With instructions from the Association for Foreign Residents and Property Owners in Portugal (AFPOP) alongside my computer, I obtained my password, a reference number and my ID; all of which must be noted for future use, when legalising my small run-around. We had a dummy run at doing it the old way, but took fright on seeing at least 50 people waiting outside the Câmara building, and the same number inside. The next day, a friend said: “Try at the post office,” but this proved impossible without the final printout. An acquaintance sent me to the new retail park at Portimão. She had taken her Livrete and Cartão de Contribuinte to the Staples store and bought the vehicle stamp there. However, the papelaria had sold out by the time I reached it, so I was told to visit the Finanças – back to square one.
After a two hour struggle and the temperature at 90 degrees in the shade and climbing, I called into the AFPOP office, where I was told we had an extension until July 31.
It was good to have a couple of weeks in the old country and to see the family, if only for a few days. After visiting our stomping grounds in Somerset and meeting old friends, none of whom appear to have aged, we went shopping, deciding that Weston-super-Mare had gone to seed and was a place to be avoided.

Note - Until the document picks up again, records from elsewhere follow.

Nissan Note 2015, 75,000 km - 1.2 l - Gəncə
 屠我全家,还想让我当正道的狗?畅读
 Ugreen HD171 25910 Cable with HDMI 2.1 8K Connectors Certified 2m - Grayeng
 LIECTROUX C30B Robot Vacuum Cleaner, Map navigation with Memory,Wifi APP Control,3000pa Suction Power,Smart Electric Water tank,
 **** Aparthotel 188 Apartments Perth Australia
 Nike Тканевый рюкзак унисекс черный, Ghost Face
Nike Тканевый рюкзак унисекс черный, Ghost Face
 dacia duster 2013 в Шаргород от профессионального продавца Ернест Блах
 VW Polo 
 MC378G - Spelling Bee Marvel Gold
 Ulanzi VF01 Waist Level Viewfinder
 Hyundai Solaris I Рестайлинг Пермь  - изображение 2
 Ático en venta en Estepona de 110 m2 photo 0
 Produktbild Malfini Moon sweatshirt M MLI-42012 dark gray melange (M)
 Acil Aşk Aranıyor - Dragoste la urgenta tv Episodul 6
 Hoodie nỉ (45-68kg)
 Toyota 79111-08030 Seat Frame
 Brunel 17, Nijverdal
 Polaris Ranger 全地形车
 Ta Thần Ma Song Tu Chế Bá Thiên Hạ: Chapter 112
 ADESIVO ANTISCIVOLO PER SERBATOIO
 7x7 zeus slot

Flying from Bristol to Newcastle and back was akin to being herded like cattle to an abattoir – shoulder to shoulder in an overcrowded departures area, then crammed in grossly overloaded buses from terminal to plane. Boarding became a free for all, women with small children were trapped in the crush, instead of being allowed to take their seats first.
The time in between these flights was spent in the sparsely populated Northumbrian hinterland, its fields shaven close, after the first cut of silage grass had been baled into black plastic rolls. Driving alongside Hadrian’s Wall one misty morning, past the gaps where centuries of peasants had taken stones for building purposes, it bore no resemblance to the defences ordered by Emperor Hadrian, when he visited Britain in AD 122. Unable to subdue the Picts among the remote mountains of Caledonia, he cut his losses and walled them out.
Was he turning in his grave today, I wondered, now that the Scottish influence at Westminster threatens to dominate south of the border, and we are paying taxes set by a man from Kirkaldy? With costs soaring at Holyrood, our money is being diverted from essentials to pay for this new parliamentary pile north of the border.
Such thoughts were soon forgotten as we approached a small village called Talking Tarn within a few miles of Carlisle. Six of us were to meet for lunch at the pub, our combined ages adding up to something over 500 years. As one well past the ‘sere and yellow leaf’ of Shakespeare’s day, there is an added spice to such meetings and, while none of us were without physical limitation, the unadulterated pleasure taken in each other’s company was a joy.
The remainder of our time was spent near Tenby, among the rich green fields and woods of west Wales on the family smallholding, a short drive from the beach. Children, grandchildren and their partners joined us for a few days and, being a first ever gathering of the clans, it became a celebration.
Accommodation being at a premium, number one daughter pitched her tent on the lawn, but when a thunderstorm broke in the night and the tent leaked, she moved into one of the caravans nearby. Our young granddaughter, in her large shiny car, painted British racing green, chauffeured us round the beauty spots. With the Boss’s guidance, we became lost in a maze of narrow country lanes. Tall, unkempt hedges, draped with honeysuckle and bright with foxgloves and Meadow Sweet, brushed the limo’s sides, while between the wheels, a hump of weeds nudged its sump for mile after mile.
Expecting a farmyard round every corner, finally we found a finger post pointing to our destination – the lily pools of Bosheston, where there are otters and a wide variety of waterfowl. Coots pottered about on top of the lily pads and a heron, up to its hocks in clear, still water, waited for something edible to drift by. A magical place. Then on to Saint Govan’s Head, close by the firing range at Castle Martin, to visit a tiny chapel built by an Irish saint in the sixth century AD. Seventy-four steps down a near vertical cliff, it is a place of peace and contemplation. Having no internal walls and built into the rock, there is a fissure where it is said Saint Govan hid from pirates and left the imprint of his ribs.